There could have been a hundred and three ways to mark the month Kenya was officially shackled and Kenyans deprived of dignity representation. Teargassing an 87-year-old lawyer, Dr John Khaminwa and former Chief Justice Dr Willy Mutunga (77) (pictured, second left) inside a police station was quite a spectacle!

It was like the country had returned to the scene of the crime where the original gross violation of human rights occurred more than a century ago. In two weeks, July 23 this year, will mark exactly 103 years since Kenya was officially made a British colony. The indigenous people became subjects of the King of England and squatters on their own land.

Two years later on March 22, 1922, following a series of highly charged public rallies across the country, outraged colonial government officials ordered the arrest of 51 officials of the East African Association who were demanding just treatment of Africans who were being overtaxed and unrepresented in the Legislative Council (Legco). What followed thereafter on March 16 was a massive protest in Nairobi, where protesters marched to Kingsway Police Station, today Central Police Station, where Harry Thuku and the others were being held.

Police officers opened fire on unarmed protestors. Trigger-happy colonial settlers lounging in the nearby Norfolk hotel joined the bloodletting. When the last of the gun had gone silent, scores lay dead.

And this watered the seeds of resistance which birthed new tactics and unlikely heroes and heroines who would deploy their wits and resources to fight the oppressive government.

Mass protests, tax boycotts, arrests, detention, and crackdown of newspapers and journalists have since been fine-tuned by both the oppressed masses and the ruling elites to fight for their space in Kenya.

The role played by the newspapers, whose publishers were targeted by an authoritarian regime hell-bent on silencing all voices of dissent echoes throughout Kenya’s history. These echoes reverberate in Nazmi Durrani and Naila Durrani’s book, Liberating Minds: Restoring Kenyan History: where they capture the tribulations faced by some of the country’s premier newspapers such as the East African Chronicles and Democrat in their quest to expose government misrule.
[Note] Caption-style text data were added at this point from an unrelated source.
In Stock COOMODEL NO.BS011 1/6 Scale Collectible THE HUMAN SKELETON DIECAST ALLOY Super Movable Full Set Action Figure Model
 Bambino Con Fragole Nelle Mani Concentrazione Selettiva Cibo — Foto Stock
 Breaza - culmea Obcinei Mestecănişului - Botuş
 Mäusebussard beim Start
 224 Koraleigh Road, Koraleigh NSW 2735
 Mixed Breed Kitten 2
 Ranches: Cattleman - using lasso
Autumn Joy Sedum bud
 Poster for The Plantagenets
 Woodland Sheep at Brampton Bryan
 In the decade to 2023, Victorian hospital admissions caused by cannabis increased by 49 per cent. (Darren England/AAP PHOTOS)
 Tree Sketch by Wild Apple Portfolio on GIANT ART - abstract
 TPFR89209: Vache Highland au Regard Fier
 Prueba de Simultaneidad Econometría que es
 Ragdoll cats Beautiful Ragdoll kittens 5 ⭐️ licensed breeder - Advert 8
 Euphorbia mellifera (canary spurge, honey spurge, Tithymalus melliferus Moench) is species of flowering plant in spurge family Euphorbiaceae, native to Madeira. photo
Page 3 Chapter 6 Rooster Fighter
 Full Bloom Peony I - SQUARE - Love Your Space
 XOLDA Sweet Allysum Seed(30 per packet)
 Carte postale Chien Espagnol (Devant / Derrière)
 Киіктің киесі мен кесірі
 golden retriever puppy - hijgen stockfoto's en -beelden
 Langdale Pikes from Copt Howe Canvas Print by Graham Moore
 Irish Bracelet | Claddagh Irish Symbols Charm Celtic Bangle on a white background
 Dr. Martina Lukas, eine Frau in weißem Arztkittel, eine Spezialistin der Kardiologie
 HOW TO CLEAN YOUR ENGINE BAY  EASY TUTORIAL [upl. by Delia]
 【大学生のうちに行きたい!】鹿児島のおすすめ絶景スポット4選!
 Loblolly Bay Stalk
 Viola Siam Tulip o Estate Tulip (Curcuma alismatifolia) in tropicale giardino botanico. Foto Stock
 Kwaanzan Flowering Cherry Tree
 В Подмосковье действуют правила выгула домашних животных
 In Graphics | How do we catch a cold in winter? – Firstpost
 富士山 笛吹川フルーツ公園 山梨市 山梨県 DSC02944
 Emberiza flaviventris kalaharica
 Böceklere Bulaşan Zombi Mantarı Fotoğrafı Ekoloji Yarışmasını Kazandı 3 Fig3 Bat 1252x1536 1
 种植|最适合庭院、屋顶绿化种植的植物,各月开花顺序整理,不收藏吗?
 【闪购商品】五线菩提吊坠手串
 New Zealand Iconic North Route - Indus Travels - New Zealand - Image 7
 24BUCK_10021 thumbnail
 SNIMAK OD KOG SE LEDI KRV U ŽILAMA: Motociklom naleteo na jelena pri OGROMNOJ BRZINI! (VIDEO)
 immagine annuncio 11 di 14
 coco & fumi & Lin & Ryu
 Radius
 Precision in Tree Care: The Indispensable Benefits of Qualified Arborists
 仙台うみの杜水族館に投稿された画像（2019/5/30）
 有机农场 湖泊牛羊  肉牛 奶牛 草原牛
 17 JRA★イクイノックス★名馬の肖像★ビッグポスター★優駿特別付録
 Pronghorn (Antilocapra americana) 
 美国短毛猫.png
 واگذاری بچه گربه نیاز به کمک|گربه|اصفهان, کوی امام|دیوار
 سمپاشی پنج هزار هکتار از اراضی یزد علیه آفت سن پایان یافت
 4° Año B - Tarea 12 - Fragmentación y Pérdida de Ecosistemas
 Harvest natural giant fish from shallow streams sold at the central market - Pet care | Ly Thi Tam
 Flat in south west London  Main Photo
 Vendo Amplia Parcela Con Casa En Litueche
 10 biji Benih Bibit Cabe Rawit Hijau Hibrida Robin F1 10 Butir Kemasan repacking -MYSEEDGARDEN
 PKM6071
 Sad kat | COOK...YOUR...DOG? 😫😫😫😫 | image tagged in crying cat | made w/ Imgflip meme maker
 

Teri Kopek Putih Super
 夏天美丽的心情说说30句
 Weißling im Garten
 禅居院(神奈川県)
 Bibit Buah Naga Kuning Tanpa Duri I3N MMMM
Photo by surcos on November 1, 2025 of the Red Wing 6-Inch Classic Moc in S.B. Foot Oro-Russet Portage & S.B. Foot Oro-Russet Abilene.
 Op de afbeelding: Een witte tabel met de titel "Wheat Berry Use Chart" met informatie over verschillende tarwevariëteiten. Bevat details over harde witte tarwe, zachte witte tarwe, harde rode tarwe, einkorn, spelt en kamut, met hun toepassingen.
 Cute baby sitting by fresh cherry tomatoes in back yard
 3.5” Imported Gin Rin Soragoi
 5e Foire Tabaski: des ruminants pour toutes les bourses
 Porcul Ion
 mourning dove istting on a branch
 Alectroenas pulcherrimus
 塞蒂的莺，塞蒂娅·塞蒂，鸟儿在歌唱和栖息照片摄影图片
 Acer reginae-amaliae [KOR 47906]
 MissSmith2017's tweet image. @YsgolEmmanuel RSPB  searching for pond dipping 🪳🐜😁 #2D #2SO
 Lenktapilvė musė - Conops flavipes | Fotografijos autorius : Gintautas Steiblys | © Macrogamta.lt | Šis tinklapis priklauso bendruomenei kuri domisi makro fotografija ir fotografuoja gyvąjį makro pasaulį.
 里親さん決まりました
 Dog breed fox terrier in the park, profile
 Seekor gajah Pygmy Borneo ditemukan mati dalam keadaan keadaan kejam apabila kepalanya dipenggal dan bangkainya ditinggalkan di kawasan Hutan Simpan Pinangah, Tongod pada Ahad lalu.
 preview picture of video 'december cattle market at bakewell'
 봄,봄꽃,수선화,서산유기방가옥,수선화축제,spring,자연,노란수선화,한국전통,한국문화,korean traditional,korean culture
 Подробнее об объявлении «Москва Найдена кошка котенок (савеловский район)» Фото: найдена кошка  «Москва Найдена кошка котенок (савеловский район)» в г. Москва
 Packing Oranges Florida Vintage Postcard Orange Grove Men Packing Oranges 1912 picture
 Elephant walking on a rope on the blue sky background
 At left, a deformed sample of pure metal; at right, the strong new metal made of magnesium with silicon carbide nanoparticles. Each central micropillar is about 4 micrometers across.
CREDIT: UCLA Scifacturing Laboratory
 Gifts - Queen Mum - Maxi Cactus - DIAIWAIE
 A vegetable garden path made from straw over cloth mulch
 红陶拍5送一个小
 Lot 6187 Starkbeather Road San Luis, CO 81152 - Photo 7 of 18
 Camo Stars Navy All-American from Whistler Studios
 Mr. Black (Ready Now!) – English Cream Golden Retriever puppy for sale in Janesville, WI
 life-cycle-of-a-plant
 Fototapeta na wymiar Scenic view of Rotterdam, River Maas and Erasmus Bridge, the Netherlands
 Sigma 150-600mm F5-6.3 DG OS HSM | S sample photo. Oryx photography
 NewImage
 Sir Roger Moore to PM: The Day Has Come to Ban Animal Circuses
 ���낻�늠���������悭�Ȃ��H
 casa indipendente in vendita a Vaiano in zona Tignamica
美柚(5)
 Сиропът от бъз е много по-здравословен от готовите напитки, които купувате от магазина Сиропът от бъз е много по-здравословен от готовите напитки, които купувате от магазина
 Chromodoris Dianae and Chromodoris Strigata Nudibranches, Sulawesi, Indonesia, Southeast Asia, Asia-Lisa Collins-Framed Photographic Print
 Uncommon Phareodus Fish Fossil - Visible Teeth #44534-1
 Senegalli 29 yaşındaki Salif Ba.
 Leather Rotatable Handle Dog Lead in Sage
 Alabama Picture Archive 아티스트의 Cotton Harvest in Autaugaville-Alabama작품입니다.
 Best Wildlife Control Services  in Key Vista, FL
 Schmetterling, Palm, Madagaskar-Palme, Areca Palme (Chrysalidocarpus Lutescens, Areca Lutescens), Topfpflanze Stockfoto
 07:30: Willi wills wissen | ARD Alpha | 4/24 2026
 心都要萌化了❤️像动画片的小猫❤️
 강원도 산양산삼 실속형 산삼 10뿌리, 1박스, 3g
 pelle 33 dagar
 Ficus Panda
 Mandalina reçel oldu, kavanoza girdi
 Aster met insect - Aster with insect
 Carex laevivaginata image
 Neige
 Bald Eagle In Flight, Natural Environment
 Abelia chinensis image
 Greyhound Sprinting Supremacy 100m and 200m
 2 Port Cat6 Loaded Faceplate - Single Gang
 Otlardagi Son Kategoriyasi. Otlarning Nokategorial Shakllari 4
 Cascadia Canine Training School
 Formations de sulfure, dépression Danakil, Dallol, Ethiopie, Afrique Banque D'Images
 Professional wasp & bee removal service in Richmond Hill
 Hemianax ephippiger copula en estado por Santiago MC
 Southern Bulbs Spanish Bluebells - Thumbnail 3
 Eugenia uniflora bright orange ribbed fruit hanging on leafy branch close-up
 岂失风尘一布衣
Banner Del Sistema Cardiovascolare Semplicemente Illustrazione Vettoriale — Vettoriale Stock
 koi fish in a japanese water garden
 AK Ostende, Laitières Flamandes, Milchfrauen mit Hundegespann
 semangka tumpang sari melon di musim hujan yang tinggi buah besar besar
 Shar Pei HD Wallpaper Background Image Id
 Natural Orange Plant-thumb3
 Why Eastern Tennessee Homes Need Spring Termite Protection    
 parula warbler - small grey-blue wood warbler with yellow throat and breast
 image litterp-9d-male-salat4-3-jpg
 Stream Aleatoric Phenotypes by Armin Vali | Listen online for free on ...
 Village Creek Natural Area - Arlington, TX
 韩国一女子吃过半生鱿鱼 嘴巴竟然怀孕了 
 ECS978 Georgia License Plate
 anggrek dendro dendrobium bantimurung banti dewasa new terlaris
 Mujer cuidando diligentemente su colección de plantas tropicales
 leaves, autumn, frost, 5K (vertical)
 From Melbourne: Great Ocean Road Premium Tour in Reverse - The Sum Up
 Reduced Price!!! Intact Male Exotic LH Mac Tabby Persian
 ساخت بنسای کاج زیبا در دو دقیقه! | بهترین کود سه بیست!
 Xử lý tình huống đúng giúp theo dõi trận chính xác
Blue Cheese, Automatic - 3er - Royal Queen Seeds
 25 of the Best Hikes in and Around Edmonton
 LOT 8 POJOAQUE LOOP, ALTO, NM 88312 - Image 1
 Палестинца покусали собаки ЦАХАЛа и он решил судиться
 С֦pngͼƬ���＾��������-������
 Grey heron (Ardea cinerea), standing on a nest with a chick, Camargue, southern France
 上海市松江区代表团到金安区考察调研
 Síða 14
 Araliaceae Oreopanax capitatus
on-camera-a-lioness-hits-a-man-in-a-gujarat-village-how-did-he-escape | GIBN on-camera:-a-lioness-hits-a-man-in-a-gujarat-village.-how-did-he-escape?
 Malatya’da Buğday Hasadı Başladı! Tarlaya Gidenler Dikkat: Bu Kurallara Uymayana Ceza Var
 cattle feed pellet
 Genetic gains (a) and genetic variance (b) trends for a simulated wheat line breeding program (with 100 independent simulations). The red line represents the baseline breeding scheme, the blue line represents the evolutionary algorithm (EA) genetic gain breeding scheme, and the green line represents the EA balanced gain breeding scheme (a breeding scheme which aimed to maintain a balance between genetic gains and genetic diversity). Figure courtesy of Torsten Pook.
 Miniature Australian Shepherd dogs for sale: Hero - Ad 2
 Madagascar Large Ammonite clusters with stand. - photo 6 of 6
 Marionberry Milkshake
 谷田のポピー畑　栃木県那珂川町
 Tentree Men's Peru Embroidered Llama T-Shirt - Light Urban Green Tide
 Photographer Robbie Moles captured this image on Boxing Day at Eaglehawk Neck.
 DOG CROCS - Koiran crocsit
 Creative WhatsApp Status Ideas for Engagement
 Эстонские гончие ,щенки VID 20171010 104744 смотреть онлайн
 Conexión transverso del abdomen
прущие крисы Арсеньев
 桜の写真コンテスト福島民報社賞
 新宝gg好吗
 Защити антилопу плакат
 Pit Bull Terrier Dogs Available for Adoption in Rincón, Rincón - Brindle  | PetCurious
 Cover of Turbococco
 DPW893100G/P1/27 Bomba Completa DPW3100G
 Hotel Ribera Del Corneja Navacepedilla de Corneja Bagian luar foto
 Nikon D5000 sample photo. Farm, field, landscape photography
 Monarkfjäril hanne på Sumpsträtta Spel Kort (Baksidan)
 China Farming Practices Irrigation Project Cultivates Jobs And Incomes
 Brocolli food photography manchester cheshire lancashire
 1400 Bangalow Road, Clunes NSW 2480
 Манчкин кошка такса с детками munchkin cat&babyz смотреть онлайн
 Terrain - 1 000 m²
Manilal Desai, who also assisted Thuku to publish Tangazo was forced to go ‘begging’ around East Africa in search of funds to sustain his publication because he had been starved of advertising in Kenya. It was during this tour in July 1926 that the illustrious publisher died after a short illness in Bukoba, Tanganyika, now Tanzania. Another firebrand journalist cum trade unionist, Makhan Singh who specialised in publishing newsletters and pamphlets blasting bad government policies had numerous run-ins with the State, resulting in his detention for over 11 years.

The memories of all these struggles flooded back last week when former Chief Justice and Dr Khaminwa were teargassed out of the Central Police Station for demanding the release of suspects who had been arrested for demonstrating against the high cost of living.